Name: Anonymous 2007-03-01 4:30 ID:WOeEZFMF

Tell me about it.

Name: Anonymous 2007-03-01 5:12 ID:eX1bJxuV

For most people and languages, the difference is lol(x, y) vs. x.lol(y), which makes OO absurd (and operations tend to suck more on x.lol(y) notation, like string1.equals(string2), ugh). Then you have inheritance, which means you get a free dish of spaghetti code. It's just dynamically updated copypasta, and come to think of it, spaghetti is pasta.

That's ALL there's to OO; note that garbage collection, exceptions (= goto 2.0), function and operator overloading, etc. are not OO features, and many languages offer them procedurally.
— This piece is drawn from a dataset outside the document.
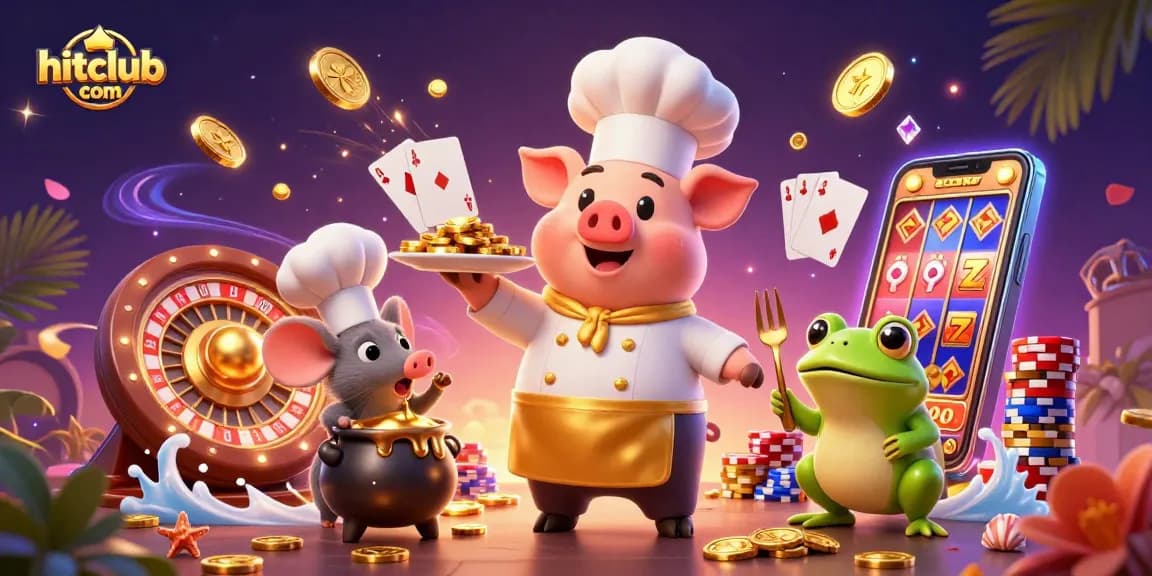 Engage with thrilling games at hitclub com with colorful coins and vibrant casino elements in a lively scene.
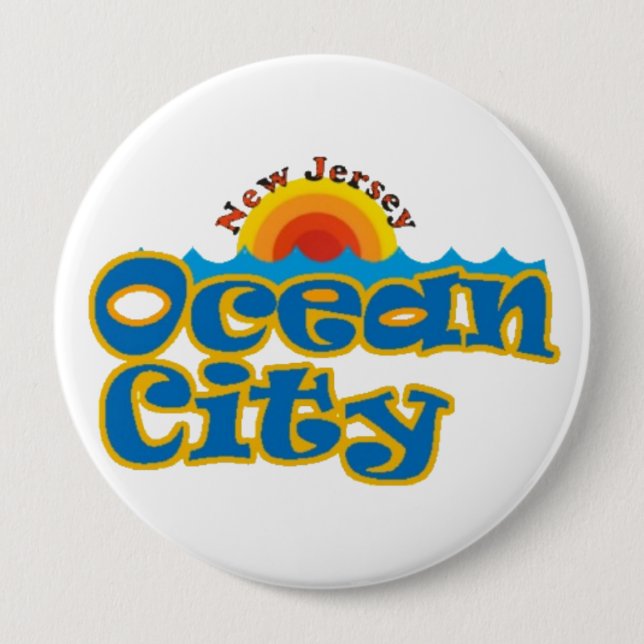 Badge Rond 10 Cm Ville NJ d'océan (Devant)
If you are serious about OO, then OO is about functional units responsible for keeping their own state, and can provide a good abstraction. Inheritance and mixins can have their uses as well, but for this to be comfortable, you have to work with a  dynamic language such as... I'm not going to give examples because I'll be called fanboy.

Of course, and like with pure anything, pure OO sucks. Not all structures, models and algorithms adjust to OO well. Pure OO languages which shove OO up your ass all the time, like Java, are bound to suck. (Java is bound to suck for many other reasons as well.) So you use OO when it fits, procedural programming when it fits, and functional programming when it fits, and finish early.